Hier im OGS-Gebäude sind die wolligen Kunstwerke entstanden. Im Rahmen der dreiwöchigen Kinderferienbetreuung, an der 17 Kinder aus den Klassen 1 bis 4 teilnahmen. Iris Markowski, Ferienbetreuerin der Kinder, hatte die Idee, eine „Guerillastrickaktion“ mit den Grundschülern durchzuführen.

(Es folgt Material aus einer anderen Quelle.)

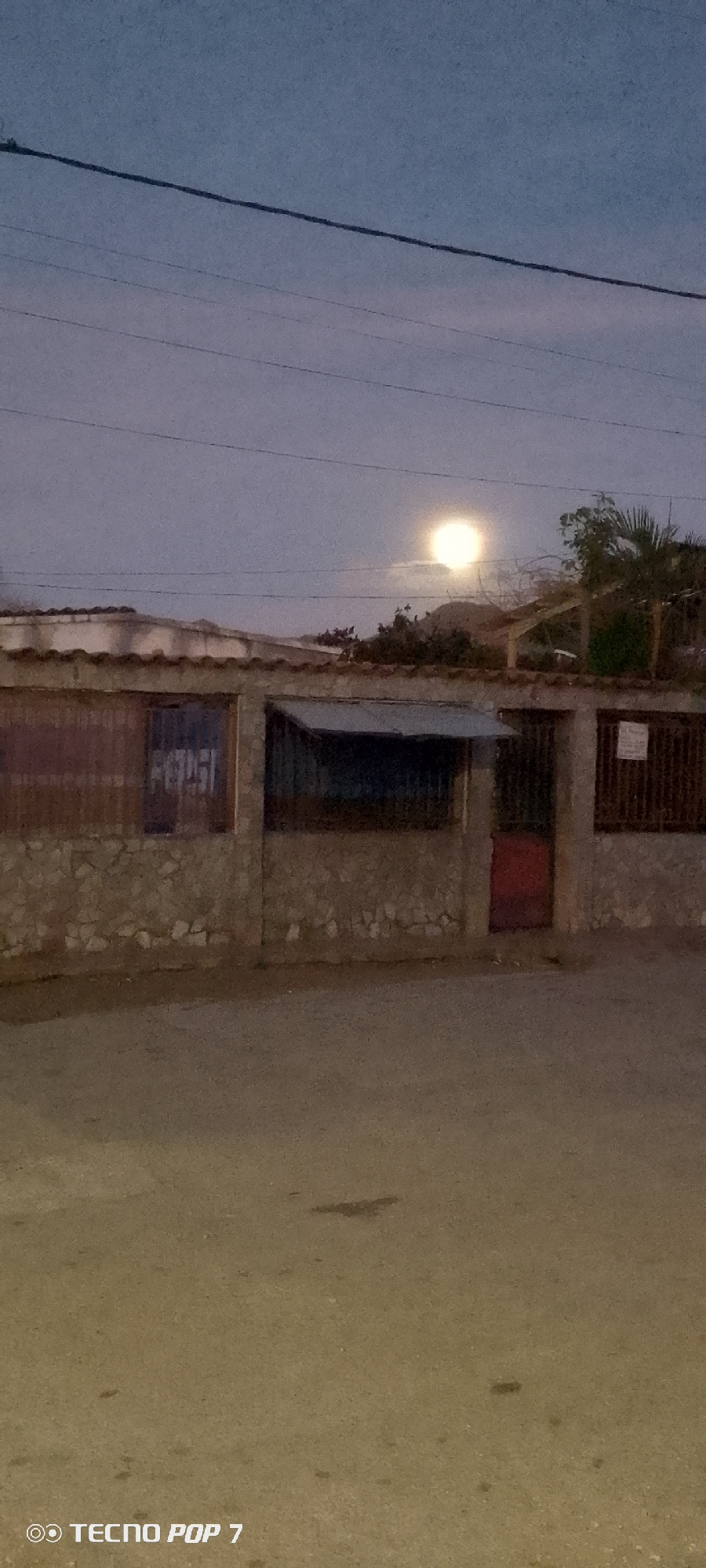 The image shows a building in Altagracia, Venezuela, at dusk or night. The building is single-story with a stone facade and a corrugated metal roof. There are several window openings, some covered with metal screens. One section has a red door. A Pepsi advertisement is visible on one of the window sections. Power lines run across the top of the frame. In the sky, a bright moon or light source is visible behind the building. The street in front of the building appears unpaved.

Als Vermittlerin für diese Art der öffentlichen Handarbeitskunst hat Iris Markowski ihre Grundstücksnachbarin Rosemarie Kubsch gewinnen können. Kubsch ist, obwohl erst seit Ende 2011 unter die aktiven Guerillastrickerinnen gegangen, bereits sehr erfahren in diesem Kunstmetier. Wenn sie in Langendreer mit dem Rad unterwegs ist, wird diese Tatsache jedem offenbar: Die 59-jährige Bochumerin hat ihr Fahrrad samt Klingel, sämtlichen Rahmenrohren und Schutzblech komplett in gelb-pink-orange Maschen gehüllt. Sogar durch die Speichen sind Strickschläuche „gewebt“.

Ehrensache für Kubsch, dass sie auch zu der OGS-Sommerferienaktion mit diesem Rad auf dem Schulhof vorfährt. Doch Kubsch zeigt den Kindern nicht nur ihr wolliges Rad, sondern bringt auch „Mützen“ für die Sitzsteine auf dem Schulhof mit, und „pflanzt“ Strickpilze auf dem Pausenhof. Die Kinder staunen – und gehen dann mit Feuereifer daran, selbst Strickaccessoires herzustellen.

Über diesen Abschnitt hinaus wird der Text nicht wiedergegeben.